While the “ignorance is bliss” approach to aging is somewhat understandable, it also happens to be a major source of frustration and anxiety for family caregivers. Our job is to ensure our care recipients’ health and safety, but we can’t do that without a clear picture of their current physical and mental health.

Aging is Quite Scary, Understand Them

Dr. Robert Stall, a practicing geriatrician based in Buffalo, New York, with more than 20 years of experience, says the first step is to try to understand what is behind an elderly loved one’s refusal to go to the doctor. There are countless reasons why seniors avoid physicians, even despite showing symptoms of potentially serious conditions. Fear, denial, thriftiness, distrust, embarrassment and discomfort are common reasons that cause older individuals to dig their heels in when it’s time for an annual physical or to check out a new or worsening problem.

Alzheimer’s disease and other forms of dementia can complicate matters further by making it difficult or even impossible to reason with a senior and drive home the importance of monitoring their health. Some older individuals even cease going to their primary care physician (PCP), whom they previously trusted and had a good doctor-patient relationship with. So, it comes as no surprise that bringing a new doctor, such as a specialist, into the mix could cause issues.

“Elders usually develop a level of trust and respect when they’ve been going to the same doctor for a long time,” explains Dr. Stall. “Adding a new person into the equation could bring on feelings of vulnerability, distrust and fear of the unknown.” Dealing with these feelings can be difficult, but there are strategies caregivers can use to work through these concerns and ensure their loved ones receive the medical care they need.

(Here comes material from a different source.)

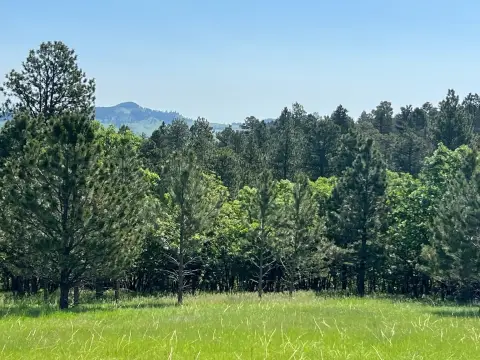 Whitewood Land with Mountain Views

Here are four strategies to help:

  1. Probe deeply

Ask questions to determine why an elder refuses help — then you can tailor a solution. Is it about a lack of privacy, fears about the cost of care, losing independence or having a stranger in the house?. To build trust, listen with empathy, and validate rather than deny your loved one’s feelings.

  1. Offer options

If possible, include your parent in interviews or in setting schedules when hiring in-home care. Let them choose certain days of the week or times of day to have a home health aide come. Emphasize an aide will be a companion for walks, concerts, museum visits and other favorite activities.

  1. Prioritize problems

Make two lists, one for your loved one’s problems and another for the steps you’ve already taken — and where to get more help. If you don’t categorize your efforts, caregiving becomes this huge weight. Writing it down and numbering by priority can relieve a lot of stress.

  1. Use indirect approaches

If your father has dementia, offering less information may be more effective at times. You could let your parent know the aide is someone very helpful who can take your father on walks, fix him meals, and help him throughout the day. You don’t need to explain every aspect of care the aide will provide before the relationship has been formed. This may make your loved one feel less threatened.